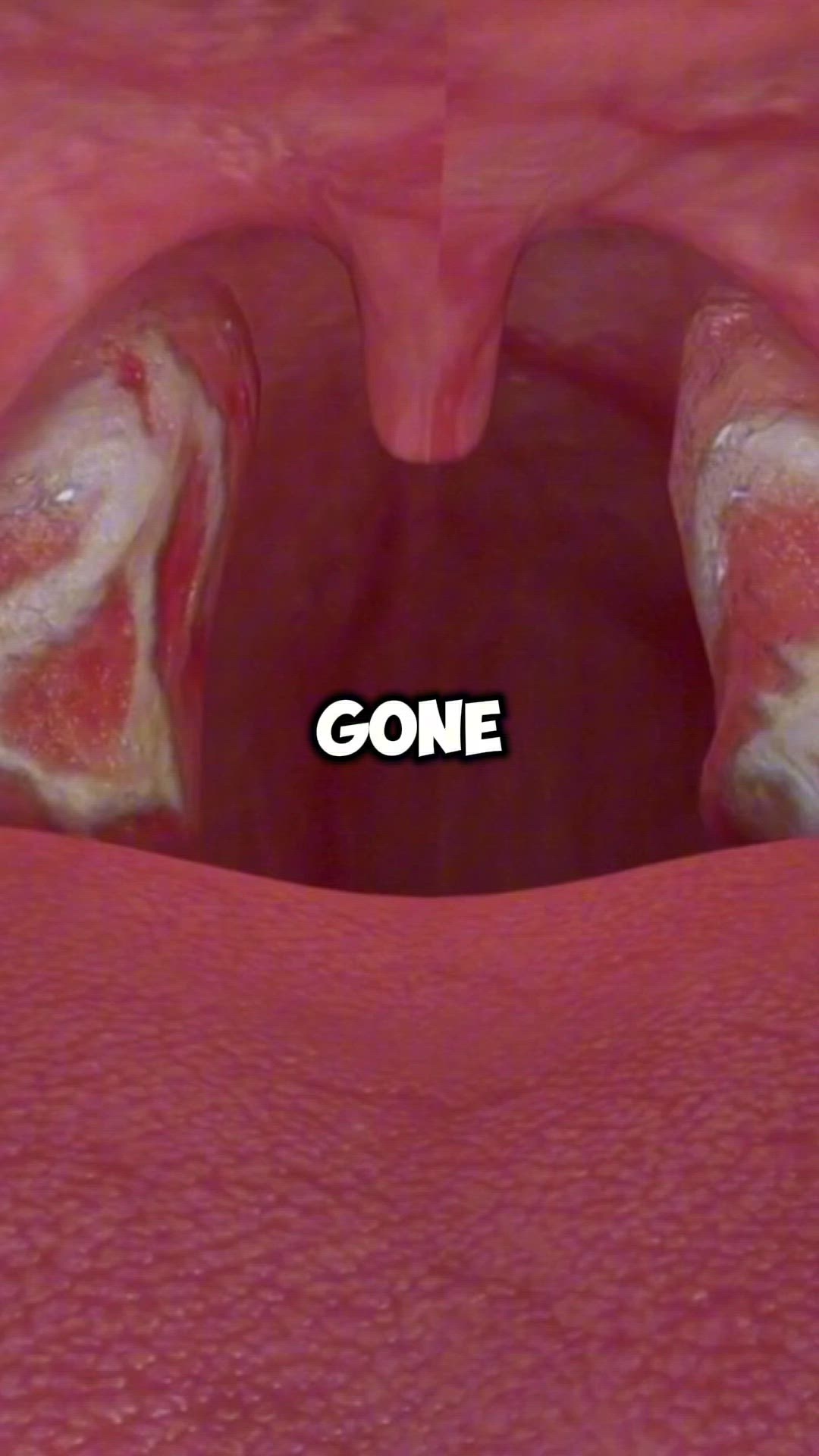 Video thumbnail for Healthy lungs / Prevent Halitosis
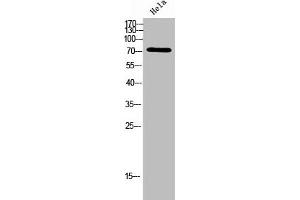Western Blot analysis of Hela cells using ACSVL6 Polyclonal Antibody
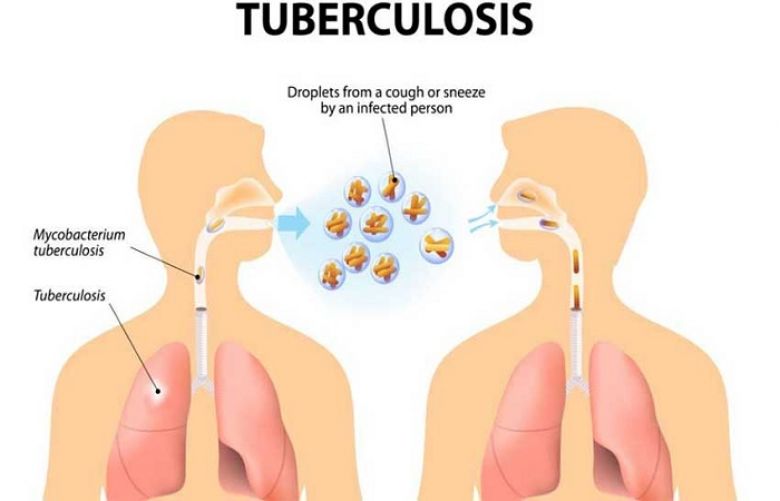 KP Govt launch 2nd phase special program to eradicate tuberculosis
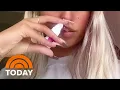 Doctors Warn Against Viral Nasal Spray Tanning Trend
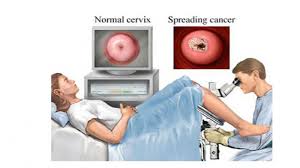 Penjelasan lengkap tentang kanker, hpv, dan kanker serviks secara khusus dijabarkan di sini pertama, menurut gue pembahasan seputar kanker serviks, hpv (virus penyebab kanker harga vaksin hpv bervariasi, tergantung merk dagang yang digunakan dan harganya cukup mahal. Pentingnya Vaksinasi Hpv Di Segala Usia Tribunnews Com Mobile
· · · · · · ·
**YOUR ASSIGNMENT:** Retype only the lines from the one with "KP Govt launch" through the final line of the entries, please, and keep the pictures out.

**SOLUTION TO THIS TASK:**
 KP Govt launch 2nd phase special program to eradicate tuberculosis
 Doctors Warn Against Viral Nasal Spray Tanning Trend
 Penjelasan lengkap tentang kanker, hpv, dan kanker serviks secara khusus dijabarkan di sini pertama, menurut gue pembahasan seputar kanker serviks, hpv (virus penyebab kanker harga vaksin hpv bervariasi, tergantung merk dagang yang digunakan dan harganya cukup mahal. Pentingnya Vaksinasi Hpv Di Segala Usia Tribunnews Com Mobile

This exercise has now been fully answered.